CAAF recently granted review in two Air Force cases.

First:

No. 19-0412/AF. U.S. v. Krishil S. Prasad. CCA 39003. On consideration of the petition for grant of review of the decision of the United States Air Force Court of Criminal Appeals, it is ordered that said petition is granted on the following issue:

WHETHER THE AIR FORCE COURT ERRED IN ITS FIRST REVIEW OF APPELLANT’S CASE BY AFFIRMING THE FINDINGS OF GUILT FOR SPECIFICATIONS 1 AND 3 OF CHARGE I WHEN IT FOUND PREJUDICIAL ERROR AS A RESULT OF A HILLS VIOLATION.
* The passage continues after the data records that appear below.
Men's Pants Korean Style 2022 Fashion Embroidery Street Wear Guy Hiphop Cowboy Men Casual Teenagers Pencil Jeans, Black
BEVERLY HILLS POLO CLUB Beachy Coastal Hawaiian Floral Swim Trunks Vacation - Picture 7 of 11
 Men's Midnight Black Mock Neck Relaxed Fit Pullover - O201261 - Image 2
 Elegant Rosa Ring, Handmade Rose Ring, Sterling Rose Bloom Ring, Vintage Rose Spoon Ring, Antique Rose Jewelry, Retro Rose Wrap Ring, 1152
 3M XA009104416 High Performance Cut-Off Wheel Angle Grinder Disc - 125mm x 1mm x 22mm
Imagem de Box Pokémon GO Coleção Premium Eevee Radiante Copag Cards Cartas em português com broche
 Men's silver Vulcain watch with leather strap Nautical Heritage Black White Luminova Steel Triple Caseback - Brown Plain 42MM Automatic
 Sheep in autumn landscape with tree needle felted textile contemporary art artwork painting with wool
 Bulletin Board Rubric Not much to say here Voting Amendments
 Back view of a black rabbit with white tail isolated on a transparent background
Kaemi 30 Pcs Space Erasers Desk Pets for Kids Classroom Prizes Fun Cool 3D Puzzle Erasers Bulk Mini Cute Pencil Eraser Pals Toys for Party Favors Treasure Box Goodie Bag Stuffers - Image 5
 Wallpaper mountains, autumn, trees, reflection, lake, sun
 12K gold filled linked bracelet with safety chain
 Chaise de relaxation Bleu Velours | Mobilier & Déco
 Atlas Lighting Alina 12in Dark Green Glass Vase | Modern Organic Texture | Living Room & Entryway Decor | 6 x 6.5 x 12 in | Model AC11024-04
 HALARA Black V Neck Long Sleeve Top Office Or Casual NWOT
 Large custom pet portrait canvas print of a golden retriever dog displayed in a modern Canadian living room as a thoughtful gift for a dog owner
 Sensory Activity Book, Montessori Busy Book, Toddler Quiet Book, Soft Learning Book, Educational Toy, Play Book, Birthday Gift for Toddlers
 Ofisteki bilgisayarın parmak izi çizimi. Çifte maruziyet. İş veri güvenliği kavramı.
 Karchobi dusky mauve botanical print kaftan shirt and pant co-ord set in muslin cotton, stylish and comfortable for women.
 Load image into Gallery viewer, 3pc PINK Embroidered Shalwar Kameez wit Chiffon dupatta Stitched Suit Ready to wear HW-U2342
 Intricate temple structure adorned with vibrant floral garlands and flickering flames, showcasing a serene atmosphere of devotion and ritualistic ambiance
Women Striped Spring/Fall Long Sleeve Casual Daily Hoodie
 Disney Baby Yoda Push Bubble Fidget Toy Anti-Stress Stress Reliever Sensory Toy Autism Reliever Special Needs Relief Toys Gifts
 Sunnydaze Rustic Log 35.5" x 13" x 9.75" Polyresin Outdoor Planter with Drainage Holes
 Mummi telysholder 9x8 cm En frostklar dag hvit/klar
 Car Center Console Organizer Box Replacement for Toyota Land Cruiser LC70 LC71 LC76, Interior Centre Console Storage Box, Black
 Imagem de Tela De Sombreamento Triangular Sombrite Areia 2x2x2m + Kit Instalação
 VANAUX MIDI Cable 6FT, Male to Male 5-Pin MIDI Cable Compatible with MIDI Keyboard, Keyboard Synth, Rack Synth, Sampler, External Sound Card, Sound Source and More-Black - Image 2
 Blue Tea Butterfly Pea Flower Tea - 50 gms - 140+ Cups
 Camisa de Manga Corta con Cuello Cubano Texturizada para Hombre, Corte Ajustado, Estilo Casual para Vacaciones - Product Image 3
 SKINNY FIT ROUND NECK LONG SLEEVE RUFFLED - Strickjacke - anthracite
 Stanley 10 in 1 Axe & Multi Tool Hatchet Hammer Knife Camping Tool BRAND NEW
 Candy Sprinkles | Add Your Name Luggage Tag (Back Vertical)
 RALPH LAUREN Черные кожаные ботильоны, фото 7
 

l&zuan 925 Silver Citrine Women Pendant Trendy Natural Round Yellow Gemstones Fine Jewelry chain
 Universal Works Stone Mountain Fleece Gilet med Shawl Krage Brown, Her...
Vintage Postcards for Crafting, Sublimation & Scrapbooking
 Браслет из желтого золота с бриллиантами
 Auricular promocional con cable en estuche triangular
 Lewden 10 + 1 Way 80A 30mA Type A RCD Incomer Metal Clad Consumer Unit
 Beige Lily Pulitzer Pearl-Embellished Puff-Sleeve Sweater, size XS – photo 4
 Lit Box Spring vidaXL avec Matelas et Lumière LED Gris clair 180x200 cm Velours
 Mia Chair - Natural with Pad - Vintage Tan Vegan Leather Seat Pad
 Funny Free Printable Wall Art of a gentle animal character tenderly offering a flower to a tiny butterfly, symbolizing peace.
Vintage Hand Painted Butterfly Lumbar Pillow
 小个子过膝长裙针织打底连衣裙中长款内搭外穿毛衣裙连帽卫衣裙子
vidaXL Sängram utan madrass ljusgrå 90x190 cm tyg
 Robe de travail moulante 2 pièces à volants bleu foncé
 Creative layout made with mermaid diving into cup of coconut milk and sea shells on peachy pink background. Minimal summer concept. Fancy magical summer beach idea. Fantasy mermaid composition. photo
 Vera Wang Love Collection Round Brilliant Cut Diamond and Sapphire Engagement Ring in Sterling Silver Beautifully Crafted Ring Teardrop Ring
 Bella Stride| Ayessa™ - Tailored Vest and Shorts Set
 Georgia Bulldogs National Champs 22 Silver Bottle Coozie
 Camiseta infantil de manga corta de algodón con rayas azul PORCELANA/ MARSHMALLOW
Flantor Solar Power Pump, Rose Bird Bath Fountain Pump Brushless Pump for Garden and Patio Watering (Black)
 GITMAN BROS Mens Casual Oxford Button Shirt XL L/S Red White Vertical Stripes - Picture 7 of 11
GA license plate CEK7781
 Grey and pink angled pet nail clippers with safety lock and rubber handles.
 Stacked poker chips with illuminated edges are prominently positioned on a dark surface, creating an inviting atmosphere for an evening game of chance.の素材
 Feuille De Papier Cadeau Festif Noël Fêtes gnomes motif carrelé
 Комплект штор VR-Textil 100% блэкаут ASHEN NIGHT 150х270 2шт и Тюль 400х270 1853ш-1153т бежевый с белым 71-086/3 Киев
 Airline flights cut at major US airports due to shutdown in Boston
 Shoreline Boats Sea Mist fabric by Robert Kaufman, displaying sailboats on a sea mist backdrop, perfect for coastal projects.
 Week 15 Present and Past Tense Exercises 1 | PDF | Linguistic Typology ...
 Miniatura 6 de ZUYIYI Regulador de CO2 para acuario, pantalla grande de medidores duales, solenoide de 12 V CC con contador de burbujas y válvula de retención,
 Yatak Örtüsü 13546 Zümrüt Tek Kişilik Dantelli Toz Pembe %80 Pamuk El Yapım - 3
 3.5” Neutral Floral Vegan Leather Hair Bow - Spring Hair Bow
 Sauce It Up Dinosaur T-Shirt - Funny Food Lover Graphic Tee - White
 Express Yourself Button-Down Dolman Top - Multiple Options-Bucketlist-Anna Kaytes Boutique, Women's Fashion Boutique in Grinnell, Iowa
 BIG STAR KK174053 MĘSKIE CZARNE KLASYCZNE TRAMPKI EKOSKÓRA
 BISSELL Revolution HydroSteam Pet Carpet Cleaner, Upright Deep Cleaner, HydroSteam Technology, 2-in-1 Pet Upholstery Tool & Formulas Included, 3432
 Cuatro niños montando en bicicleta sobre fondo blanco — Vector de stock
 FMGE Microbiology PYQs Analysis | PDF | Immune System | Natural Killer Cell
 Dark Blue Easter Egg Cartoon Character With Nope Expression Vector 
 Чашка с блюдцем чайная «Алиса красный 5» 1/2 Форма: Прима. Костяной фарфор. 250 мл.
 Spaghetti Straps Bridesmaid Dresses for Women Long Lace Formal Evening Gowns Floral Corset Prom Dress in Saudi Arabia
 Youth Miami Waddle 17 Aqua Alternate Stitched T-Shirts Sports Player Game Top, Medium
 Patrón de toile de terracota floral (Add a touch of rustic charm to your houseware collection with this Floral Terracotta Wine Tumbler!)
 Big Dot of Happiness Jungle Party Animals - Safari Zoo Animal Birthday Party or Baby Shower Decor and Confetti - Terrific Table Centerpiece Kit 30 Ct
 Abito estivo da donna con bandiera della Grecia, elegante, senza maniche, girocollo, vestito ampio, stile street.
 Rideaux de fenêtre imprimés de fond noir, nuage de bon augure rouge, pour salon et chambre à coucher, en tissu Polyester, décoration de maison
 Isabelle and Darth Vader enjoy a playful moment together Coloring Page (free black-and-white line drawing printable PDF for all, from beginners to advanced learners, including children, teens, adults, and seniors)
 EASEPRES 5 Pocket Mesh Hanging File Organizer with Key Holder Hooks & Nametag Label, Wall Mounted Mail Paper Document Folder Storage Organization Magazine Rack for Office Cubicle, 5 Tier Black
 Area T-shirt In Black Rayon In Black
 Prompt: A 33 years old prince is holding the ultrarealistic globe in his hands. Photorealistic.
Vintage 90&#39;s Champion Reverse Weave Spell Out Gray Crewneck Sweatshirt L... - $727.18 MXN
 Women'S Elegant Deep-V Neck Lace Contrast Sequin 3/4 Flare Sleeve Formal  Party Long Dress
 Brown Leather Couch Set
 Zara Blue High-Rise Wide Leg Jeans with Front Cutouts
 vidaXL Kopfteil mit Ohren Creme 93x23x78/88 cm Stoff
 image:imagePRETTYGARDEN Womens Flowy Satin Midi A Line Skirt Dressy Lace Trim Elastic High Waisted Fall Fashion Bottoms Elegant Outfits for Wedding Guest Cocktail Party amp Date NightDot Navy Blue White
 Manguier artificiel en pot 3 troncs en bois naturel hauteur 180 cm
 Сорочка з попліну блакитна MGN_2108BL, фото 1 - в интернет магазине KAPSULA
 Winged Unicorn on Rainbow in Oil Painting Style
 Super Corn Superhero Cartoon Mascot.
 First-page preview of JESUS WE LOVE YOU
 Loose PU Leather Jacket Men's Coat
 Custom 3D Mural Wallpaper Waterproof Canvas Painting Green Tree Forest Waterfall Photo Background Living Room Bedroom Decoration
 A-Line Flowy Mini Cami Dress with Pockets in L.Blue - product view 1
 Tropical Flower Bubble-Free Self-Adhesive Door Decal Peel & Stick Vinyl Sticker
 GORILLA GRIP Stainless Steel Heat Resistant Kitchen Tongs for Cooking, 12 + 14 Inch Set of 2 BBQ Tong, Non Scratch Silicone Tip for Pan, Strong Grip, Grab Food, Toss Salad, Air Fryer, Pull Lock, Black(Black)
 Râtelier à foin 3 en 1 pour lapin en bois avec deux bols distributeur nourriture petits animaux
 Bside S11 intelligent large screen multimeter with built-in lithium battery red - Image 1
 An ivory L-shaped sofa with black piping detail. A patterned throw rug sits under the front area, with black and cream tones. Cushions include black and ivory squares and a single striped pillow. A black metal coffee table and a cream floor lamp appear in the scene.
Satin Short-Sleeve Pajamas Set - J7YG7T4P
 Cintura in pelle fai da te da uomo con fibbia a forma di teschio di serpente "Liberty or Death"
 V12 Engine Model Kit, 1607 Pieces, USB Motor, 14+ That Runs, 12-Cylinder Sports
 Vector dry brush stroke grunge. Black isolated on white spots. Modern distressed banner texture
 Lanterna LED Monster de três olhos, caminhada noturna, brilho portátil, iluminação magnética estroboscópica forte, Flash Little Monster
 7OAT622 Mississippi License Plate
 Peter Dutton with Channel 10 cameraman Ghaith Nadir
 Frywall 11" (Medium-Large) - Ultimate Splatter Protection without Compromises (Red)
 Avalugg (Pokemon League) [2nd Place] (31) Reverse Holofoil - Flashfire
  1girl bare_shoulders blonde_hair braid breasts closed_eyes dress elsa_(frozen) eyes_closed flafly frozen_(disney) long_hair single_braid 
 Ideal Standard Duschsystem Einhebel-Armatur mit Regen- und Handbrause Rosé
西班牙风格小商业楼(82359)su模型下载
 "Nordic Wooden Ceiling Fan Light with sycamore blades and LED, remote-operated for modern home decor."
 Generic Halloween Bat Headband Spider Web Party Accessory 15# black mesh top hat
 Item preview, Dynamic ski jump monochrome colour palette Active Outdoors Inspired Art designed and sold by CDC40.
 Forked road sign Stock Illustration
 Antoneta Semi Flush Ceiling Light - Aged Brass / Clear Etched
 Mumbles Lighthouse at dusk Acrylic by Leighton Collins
Briefs will be filed under Rule 25.

The appellant was convicted of three sexual offenses involving two alleged victims, and the Air Force CCA ultimately issued two opinions in the case. In the first opinion (available here), a three-judge panel of the CCA reversed one of the convictions because the military judge improperly instructed the members that they could use charged offenses for propensity purposes (an error under United States v. Hills, 75 M.J. 350 (C.A.A.F. Jun. 27, 2016) (CAAFlog case page) (the #3 Military Justice Story of 2016)). But two of the three judges found the error harmless with respect to the other two convictions (both involving the same alleged victim). The CCA then remanded the case with a rehearing authorized. The convening authority elected to conduct only a sentence rehearing, after which the case returned to the CCA for further review. Upon further review, a slightly different three-judge panel (consisting of two of the original three judges) declined to reconsider the first decision and affirmed the new sentence, in an opinion available here.

Second:

No. 19-0425/AF. U.S. v. Michael J. Rich. CCA 39224. On consideration of the petition for grant of review of the decision of the United States Air Force Court of Criminal Appeals, it is ordered that said petition is granted on the following issues:

I. DID THE COURT OF CRIMINAL APPEALS ERR WHEN IT FOUND THAT MISTAKE OF FACT AS TO CONSENT IS NOT A SPECIAL DEFENSE “IN ISSUE” FOR THE OFFENSE OF SEXUAL ASSAULT BY INDUCING A BELIEF BY CONCEALMENT THAT APPELLANT WAS SOMEONE ELSE?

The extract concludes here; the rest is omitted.